Retro-relax
fot. Aino Maria V., Flickr CC

Retro-relax

Anka Herbut

Sala konsumpcyjna, klucz do ubikacji w sekretariacie, oszklone komody – w Krakowie miała miejsce kilkudniowa reanimacja kultury sety i galarety

Jeszcze 3 minuty czytania

Retro jest trendy. Gdyby to dzisiaj Mieczysław Fogg śpiewał, że się nie przejmuje, że jest un peu demode, byłaby to najlepsza forma autopromocji. Poruszamy się przecież w układzie, w którym vintage, retro-technologia, dizajn reanimujący wzory czy krój pisma sprzed czterdziestu lat i knajpy typu „seta i galareta” stanowią obecnie jedne z najciekawszych kulturowo punktów odniesienia.
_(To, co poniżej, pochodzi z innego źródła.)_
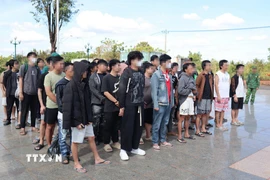 63 công dân Việt Nam được cơ quan chức năng Campuchia trao trả. (Ảnh: Nhật Bình/TTXVN)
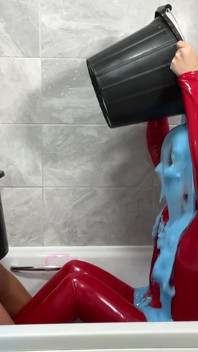 Latex Gunge with Belle Ohara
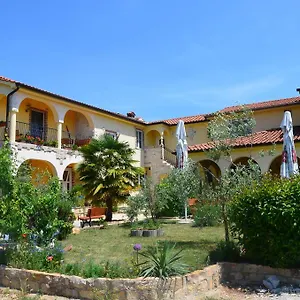  Apartment Apartmenthaus Sabine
I nie chodzi jedynie o lokalny PRL-owski sznyt, ale o globalny retro-trend. Koniec i bomba, kto nie zna pin-up i nie widział „Mad Men”, ten trąba. Psychologowie twierdzą, że kurs na retro wynika z destabilizacji, z poczucia wydłużającego się kryzysu i z potrzeby bezpieczeństwa. To z tych powodów nieświadomie sięgamy po to, co znane i lubiane, a kawa z „gruntem” i herbata w szklankach wtłoczonych w plastikowe koszyczki oraz vibovit nabierają niespodziewanego wdzięku. Retro jest jak stara widokówka wysyłana w czasy „wcześniej było lepiej” i zawsze będzie się podobać.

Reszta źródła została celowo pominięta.